What needs to be done:
Exactly reproduce the lines of the listing below from the one containing "Beachfront 3, 25" through the one containing "Used 2023 Chevrolet". Skip the images.

Raw data:
+ + + +
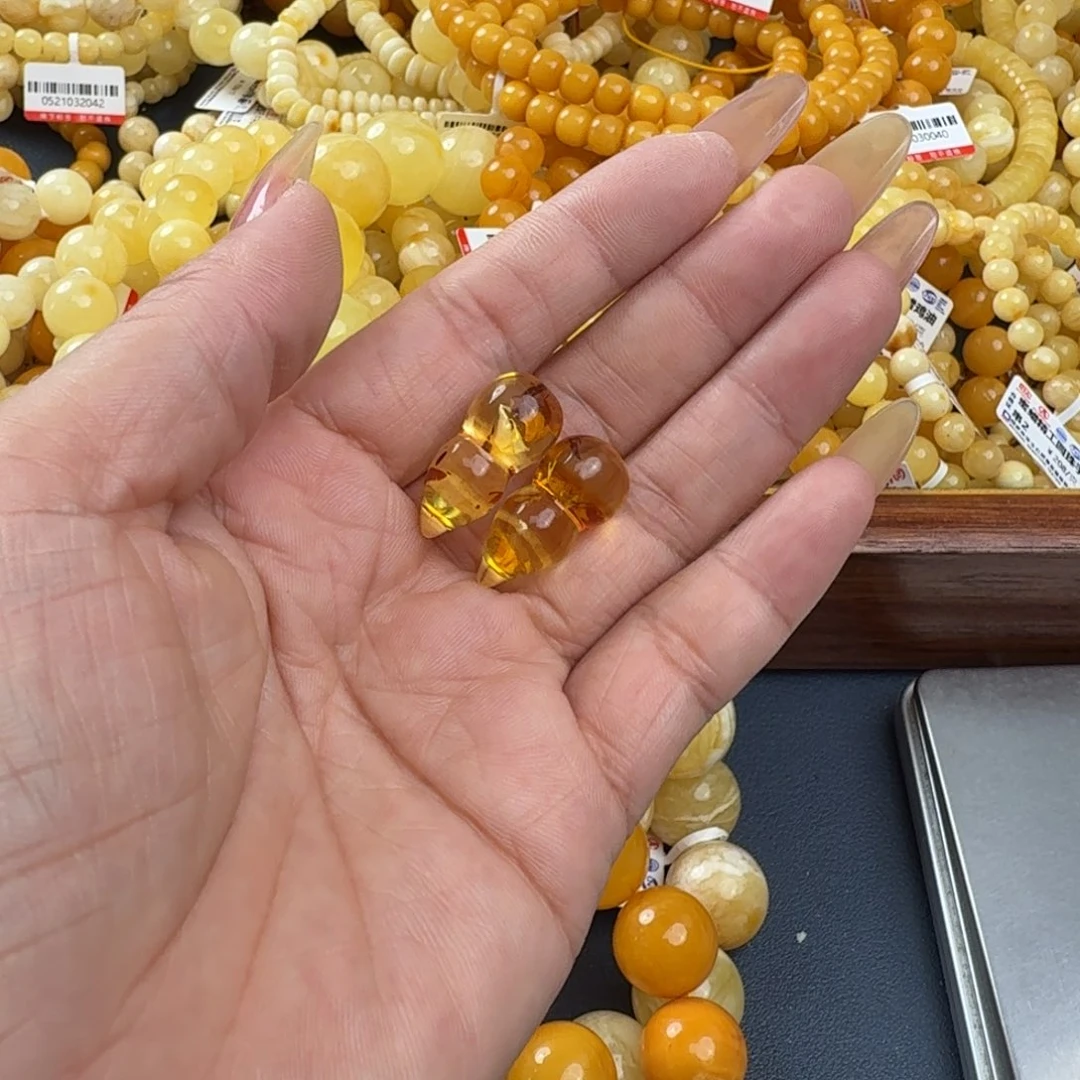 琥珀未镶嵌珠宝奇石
+ + + +
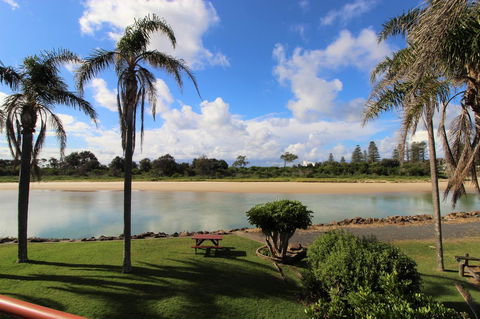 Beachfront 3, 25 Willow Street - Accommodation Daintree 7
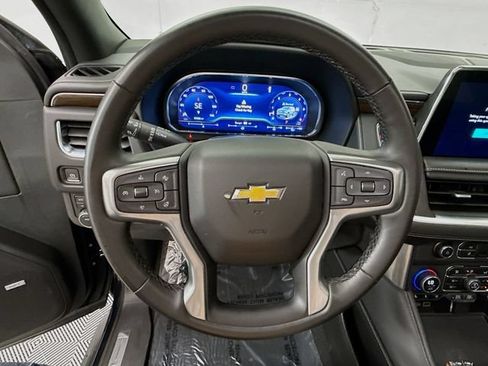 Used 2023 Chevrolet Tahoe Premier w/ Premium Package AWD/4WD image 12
+ + + +
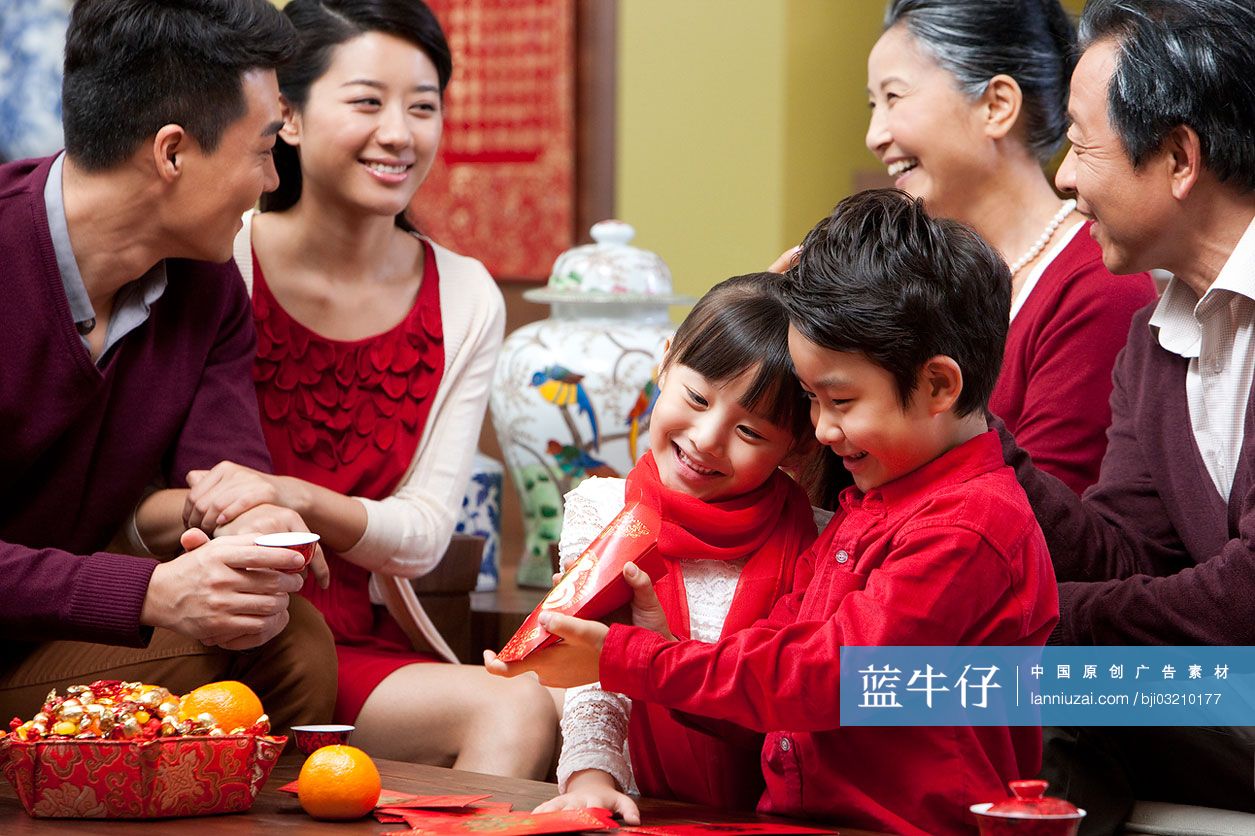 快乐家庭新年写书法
+ + + +
Response to the exercise:
 Beachfront 3, 25 Willow Street - Accommodation Daintree 7
 Used 2023 Chevrolet Tahoe Premier w/ Premium Package AWD/4WD image 12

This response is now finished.